Giter VIP home page Giter VIP logo

self-operating-computer's Introduction

Self-Operating Computer Framework

A framework to enable multimodal models to operate a computer.

Using the same inputs and outputs of a human operator, the model views the screen and decides on a series of mouse and keyboard actions to reach an objective.

Key Features

  • Compatibility: Designed for various multimodal models.
  • Integration: Currently integrated with GPT-4v as the default model.
  • Future Plans: Support for additional models.

Current Challenges

Note: GPT-4V's error rate in estimating XY mouse click locations is currently quite high. This framework aims to track the progress of multimodal models over time, aspiring to achieve human-level performance in computer operation.

Ongoing Development

At HyperwriteAI, we are developing Agent-1-Vision a multimodal model with more accurate click location predictions.

Agent-1-Vision Model API Access

We will soon be offering API access to our Agent-1-Vision model.

If you're interested in gaining access to this API, sign up here.

Additional Thoughts

We recognize that some operating system functions may be more efficiently executed with hotkeys such as entering the Browser Address bar using command + L rather than by simulating a mouse click at the correct XY location.
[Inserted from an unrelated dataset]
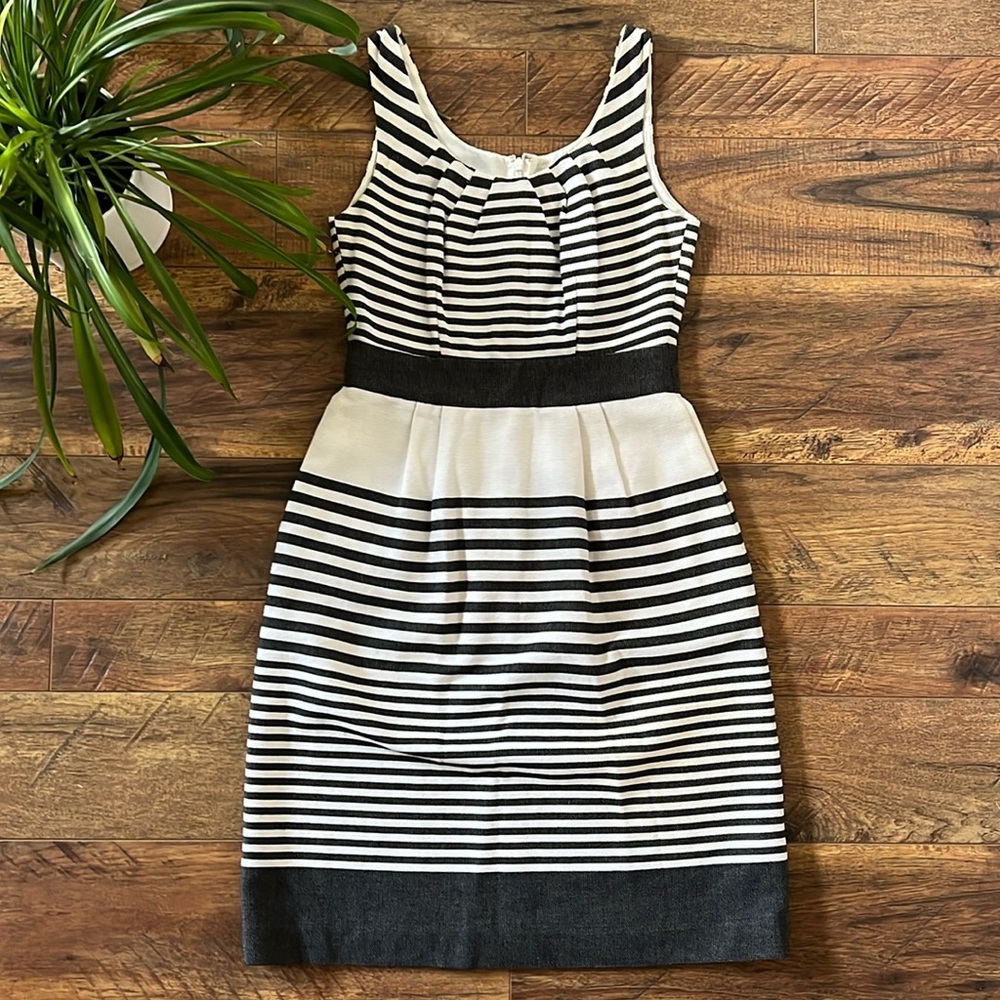 Banana Republic Striped Dress size 0-2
We plan to make these improvements over time. However, it's important to note that many actions require the accurate selection of visual elements on the screen, necessitating precise XY mouse click locations. A primary focus of this project is to refine the accuracy of determining these click locations. We believe this is essential for achieving a fully self-operating computer in the current technological landscape.

Demo

final-low.mp4

Quick Start Instructions

Below are instructions to set up the Self-Operating Computer Framework locally on your computer.
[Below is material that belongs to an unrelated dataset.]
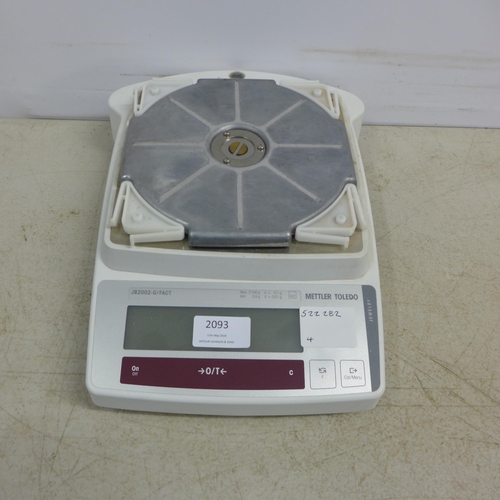 2093 - A set of Mettler Toledo JB2002-G/fact jewelry weighing scales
  1. Clone the repo to a directory on your computer:
git clone https://github.com/OthersideAI/self-operating-computer.git
  1. Cd into directory:
cd self-operating-computer
  1. Create a Python virtual environment. Learn more about Python virtual environment.
python3 -m venv venv
  1. Activate the virtual environment:
source venv/bin/activate
  1. Install the project requirements:
pip install -r requirements.txt
  1. Install Project and Command-Line Interface:
pip install .
  1. Then rename the .example.env file to .env so that you can save your OpenAI key in it.
mv .example.env .env
  1. Add your Open AI key to your new .env file. If you don't have one, you can obtain an OpenAI key here:
OPENAI_API_KEY='your-key-here'
  1. Run it!
operate
  1. Final Step: As a last step, the Terminal app will ask for permission for "Screen Recording" and "Accessibility" in the "Security & Privacy" page of Mac's "System Preferences".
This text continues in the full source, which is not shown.